BTW, where in Manhattan do you live? I'm born and raised here in Los Angeles, but with my profession, I'm back and forth, here to there all the time. I actually use to have a really nice place at the top of the park (lower H-Town). Got too expensive, so I just went back to doing hotels LOL.


----------



## ThalesthePearsei (Jan 27, 2009)

I live on the upper west side between Morningside Park and Columbia University. 

Could i have a algae blenny? I have been interested in one for a while now but I have seen that they can grow HUGE, which is why I have not gotten one.


----------



## SuperFishFan (Jul 27, 2009)

ThalesthePearsei said:


> I live on the upper west side between Morningside Park and Columbia University.
> 
> Could i have a algae blenny? I have been interested in one for a while now but I have seen that they can grow HUGE, which is why I have not gotten one.


 
Oh crap, not too far from where I had my place. Love your neighborhood alot. Right near the diner (oh what's it's real name???) anyway, the freakin' Seinfeld diner LOL! The one that has literally the worst service out of any diner that I've ever been to (and I love diners).

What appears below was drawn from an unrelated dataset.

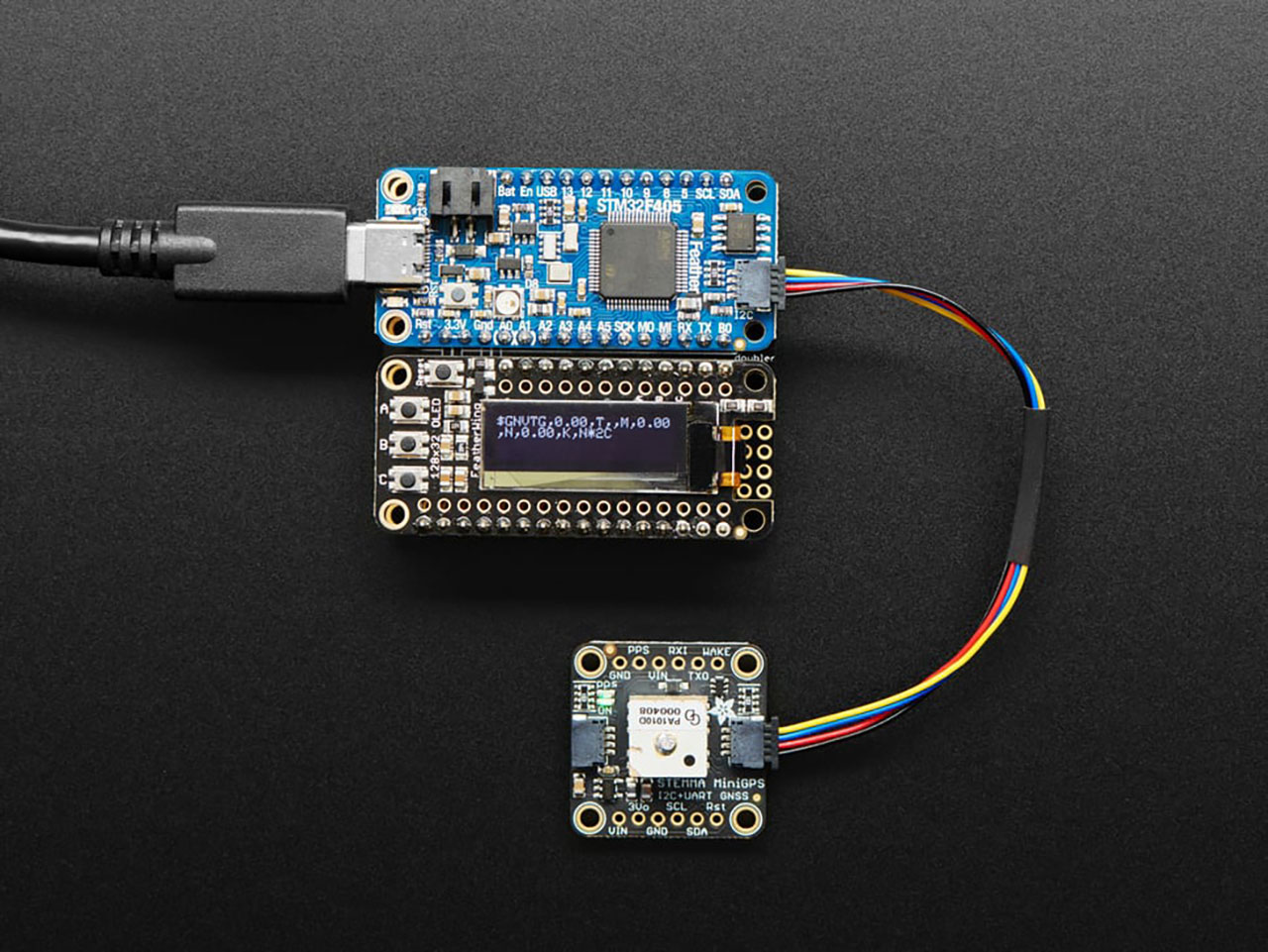 Adafruit Mini Gps Pa1010D - Uart and I2C - Stemma QT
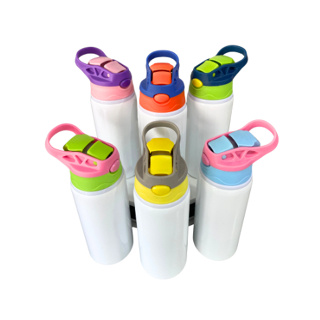 1/2/3/4 Garrafa Infantil Alumínio 600ml para Sublimação | Tampa Automática | Diversas Cores + Caixinha Individual em Oferta na Shopee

regarding the Blenny. I don't see any reason not to house the Blenny. Alot of aquarists (beginners and Advanced aquarists alike) have a misconception about "fish size vs. tank size" Let's use the Blenny for example...... MOST (everyone see that I used the word "most") ...most fish species will grow to a size and at a growth rate comparable to the size to their environment. Hence "Quite a few" lol fish species will grow larger and larger faster, in a 50 gal as opposed to a 14 gal. (and actually such is with most forms of life....example: Bonsai tree). A Queen Angel will grow much faster and much larger in the wild as opposed to growing up in even a, let's say, 500 gal aquarium. The next point is, some aquarists don't understand that if a fish is "getting to big for its britches", the move the darn thing out of that particular environment and give it a larger home else where...simple. There's nothing cruel or unethical about it.

So, those points stated, the Blenny should be absolutely fine for quite some time!! Have fun with him/her!


----------



## ThalesthePearsei (Jan 27, 2009)

I know what diner you are talking about, and I can't think of the name right now either haha!

Thanks for that info! I think I will start looking for a blenny then, woohoo


----------



## ThalesthePearsei (Jan 27, 2009)

What is your opinion on a small dwarf angel, such as a Coral Beauty, in a 14?


----------